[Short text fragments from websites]
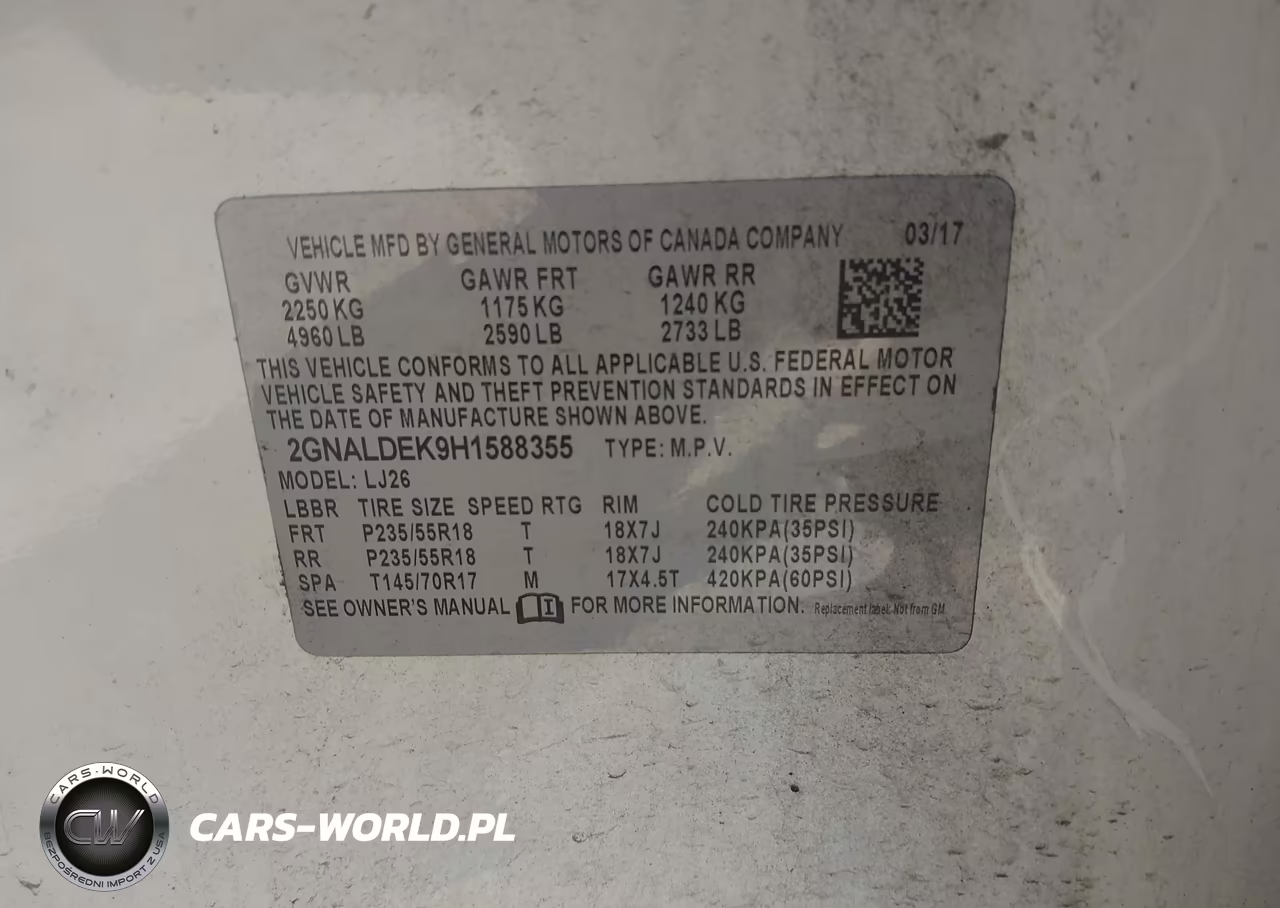 2017 Chevrolet Equinox Premier VIN:2GNALDEK9H1588355 - 9
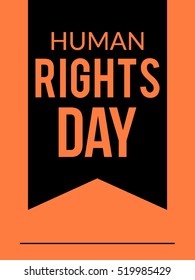 Human rights day poster or banner.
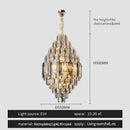 GobekUsa Crystal Chandelier - Luxe Light for Villa, Hotel & Building Project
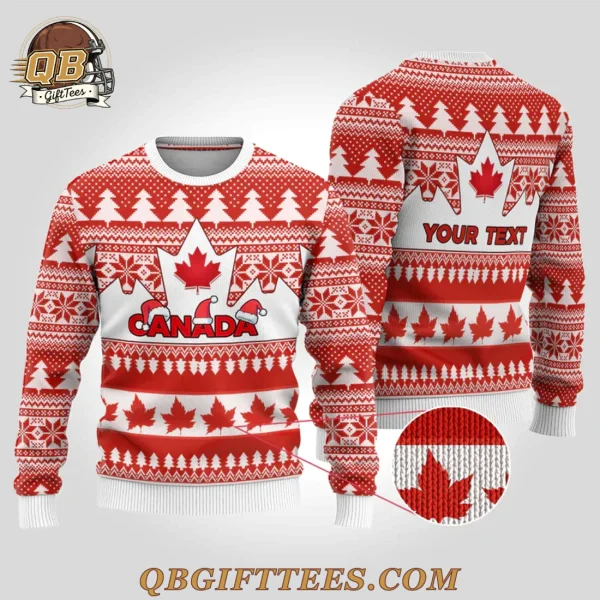 Canada Christmas Ugly Christmas Special Edition Sweater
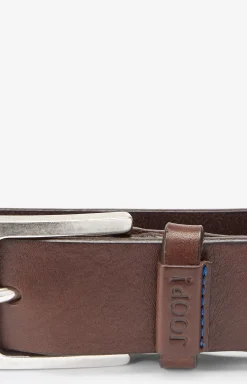 Leather Belt in Dark Brown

_Task goal_
Print the records above verbatim, pictures excluded.

_Response below_
 2017 Chevrolet Equinox Premier VIN:2GNALDEK9H1588355 - 9
 Human rights day poster or banner.
 GobekUsa Crystal Chandelier - Luxe Light for Villa, Hotel & Building Project
 Canada Christmas Ugly Christmas Special Edition Sweater
 Leather Belt in Dark Brown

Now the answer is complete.